The military’s proposed budget more than doubled, as the army now manages Mexico City’s new airport, the revived Mexicana airline, and the construction of a 1,000-mile train on the Yucatán Peninsula. The Navy’s budget too has grown to cover the costs of managing ports, airports, customs, and building a railway connecting the Atlantic and Pacific Oceans. Civilian police force spending, despite elevated rates of violence and homicides, flatlined.

Mexico's Security Budgets, 2020–2024

The bump in spending means more debt. Despite talk of austerity, Mexico’s sovereign debt will grow by nearly 60 percent over AMLO’s tenure, rising from 43.6 percent of GDP in 2018 to roughly 49 percent in 2024. Add in Pemex’s pseudo-sovereign obligations—now over US$110 billion—and the government’s debt comprises roughly 53 percent of GDP. And the gap between revenues and outlays is growing, this year by over 40 percent.

Mexico's Budget Financing Sources, 2018–2024

If this budget passes in its current form, AMLO leaves that new leader with more fiscal and financial constraints than he faced.

Uruguay’s financial stability attracts investment—and crime follows. Repeated economic and political crises in neighboring Argentina and Brazil have made Uruguay something of a financial hub despite its smaller economy. The country attracted nearly US$10 billion in foreign direct investment in 2022, triple 2021 levels, and accounting for over 13 percent of the country’s GDP. The country’s reputation for financial stability hasn’t gone unnoticed by those with ill-gotten gains. A recent government report shows money laundering cases tied to drug trafficking nearly doubled between 2018 and 2022. The increase in crime is, in part, a consequence of Uruguay’s limited enforcement resources and personnel according to InSight Crime. Indeed, despite opening thousands of money laundering investigations each year, the government only charges a handful of suspects and convicts even fewer. And 2020 legal changes that raised the legal limit for cash payments from US$4,000 to US$100,000 make it easier to hide the provenance of funds.

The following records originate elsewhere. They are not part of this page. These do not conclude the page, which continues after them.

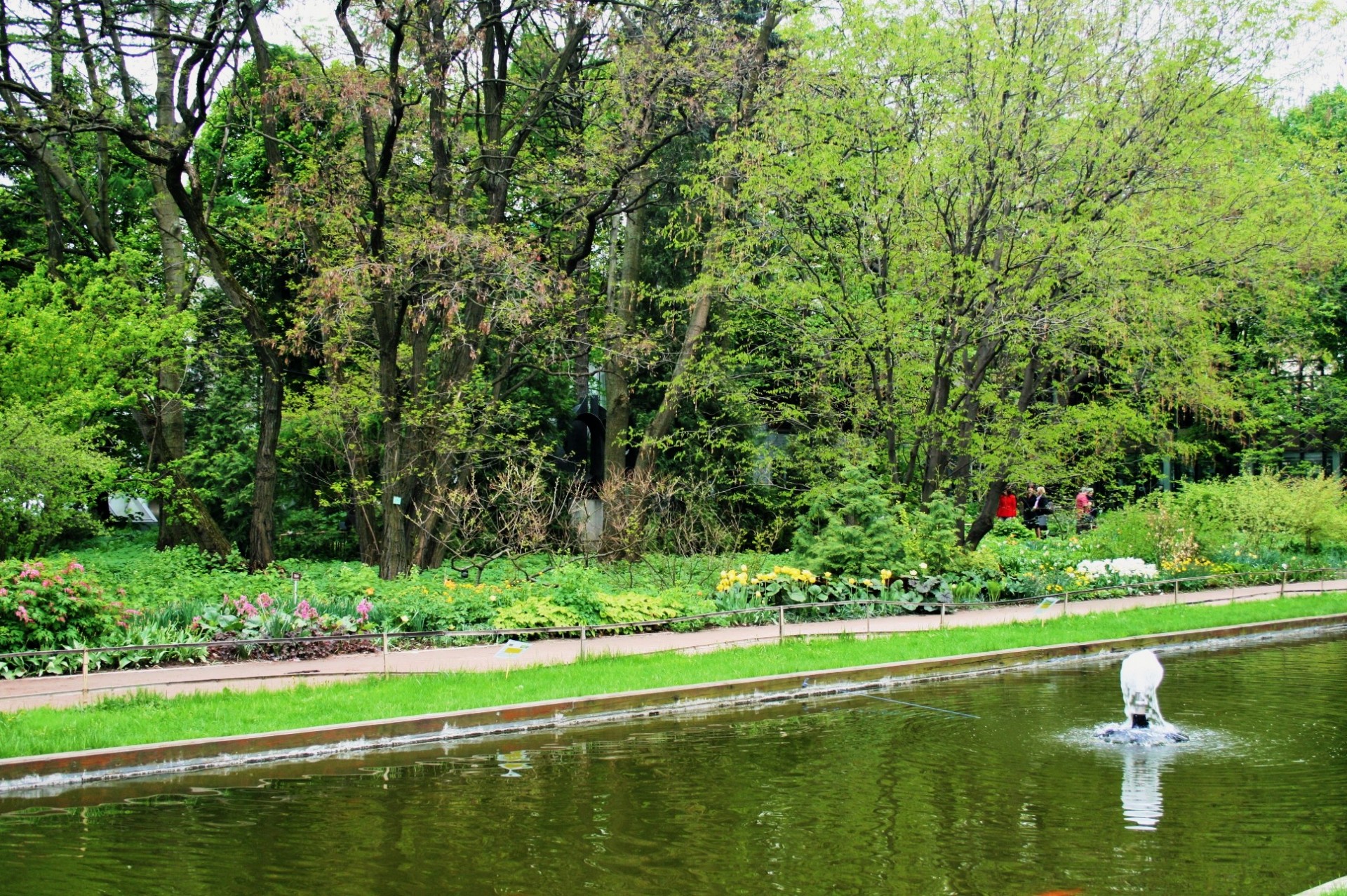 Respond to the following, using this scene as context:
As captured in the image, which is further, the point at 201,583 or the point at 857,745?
the point at 201,583

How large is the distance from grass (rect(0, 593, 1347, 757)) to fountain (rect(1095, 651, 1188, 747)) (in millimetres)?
3769

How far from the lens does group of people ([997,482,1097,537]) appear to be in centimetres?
3106

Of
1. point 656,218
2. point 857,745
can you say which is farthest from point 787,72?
point 857,745

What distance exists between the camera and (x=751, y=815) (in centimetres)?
845

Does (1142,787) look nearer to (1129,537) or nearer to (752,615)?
(752,615)

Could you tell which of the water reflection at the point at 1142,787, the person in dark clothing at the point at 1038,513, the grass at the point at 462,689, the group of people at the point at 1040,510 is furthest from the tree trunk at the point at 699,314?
the water reflection at the point at 1142,787

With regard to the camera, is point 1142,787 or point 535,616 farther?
point 535,616

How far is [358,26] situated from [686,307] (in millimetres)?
10344

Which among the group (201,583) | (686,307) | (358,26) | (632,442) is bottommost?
(201,583)

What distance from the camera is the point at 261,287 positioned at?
102 feet

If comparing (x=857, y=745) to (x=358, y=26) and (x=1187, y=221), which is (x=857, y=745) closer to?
(x=1187, y=221)

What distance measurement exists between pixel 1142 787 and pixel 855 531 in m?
10.7

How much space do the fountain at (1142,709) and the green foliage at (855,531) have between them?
8525 millimetres

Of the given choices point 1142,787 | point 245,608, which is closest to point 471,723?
point 245,608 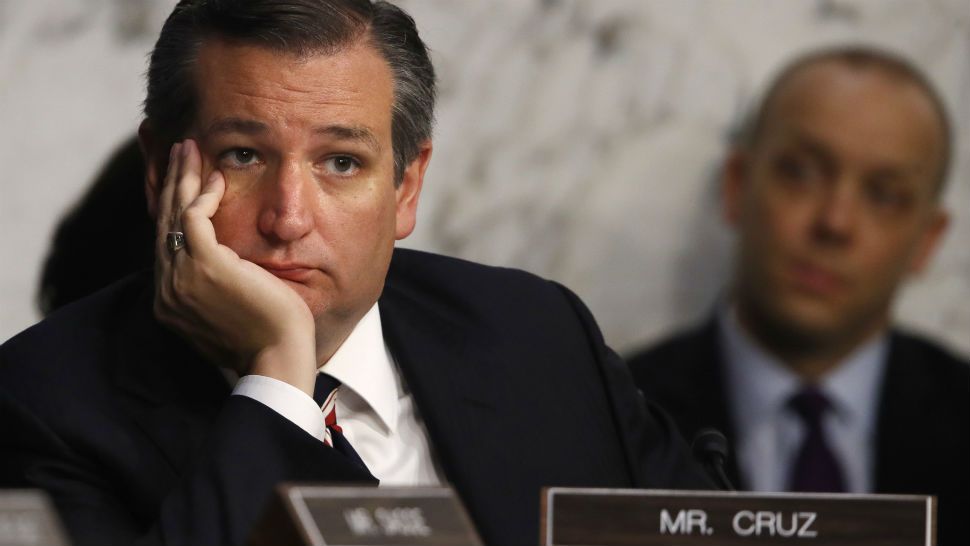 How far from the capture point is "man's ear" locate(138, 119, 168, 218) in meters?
2.27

Peru’s democratic backsliding is passing the point of no return. When demagogues-in-chief like Venezuela’s Hugo Chávez or Nicaragua’s Daniel Ortega lay siege to democratic institutions, it makes the news. Peru’s democratic backsliding is advancing just as quickly as Venezuela’s or Nicaragua’s once did, but it’s attracting just a fraction of the international attention—most likely, because it’s taken a less familiar form, with a congress taking the lead, and because its protagonists do not share any one ideology or party. Since Dina Boluarte took over the presidency from Pedro Castillo earlier this year, a loose “pact” of factions in control of Peru’s extremely unpopular congress has packed a growing number of democratic institutions with pliant cronies and staved off demands for early elections. On September 8, the pact escalated its attacks on democracy, voting to investigate Peru’s National Justice Board (JNJ), which names judges and prosecutors. The investigations are likely to culminate in greenlighting a purge of the JNJ, opening the door to a wholesale takeover of top posts within the judiciary. The timing isn’t accidental: within six months, Peru is scheduled to appoint new heads to its elections body, a process in which the JNJ has a major role. With the JNJ under its control, the factions that control congress could tamper with 2026 elections, jeopardizing free and fair elections for years to come. Although the United Nations’ office in Peru denounced the Peruvian congress’ latest maneuver, Brussels and Washington have kept mostly quiet since insisting on accountability for the killing of dozens of protestors by security forces earlier this year. Washington has leverage over Boluarte, but little ability to sway members of Congress or their backers. Still, a democratic breakdown in Latin America’s fifth-most-populous country and sixth-biggest economy is no small matter, and will have destabilizing consequences for the region if no one hits the brakes in time.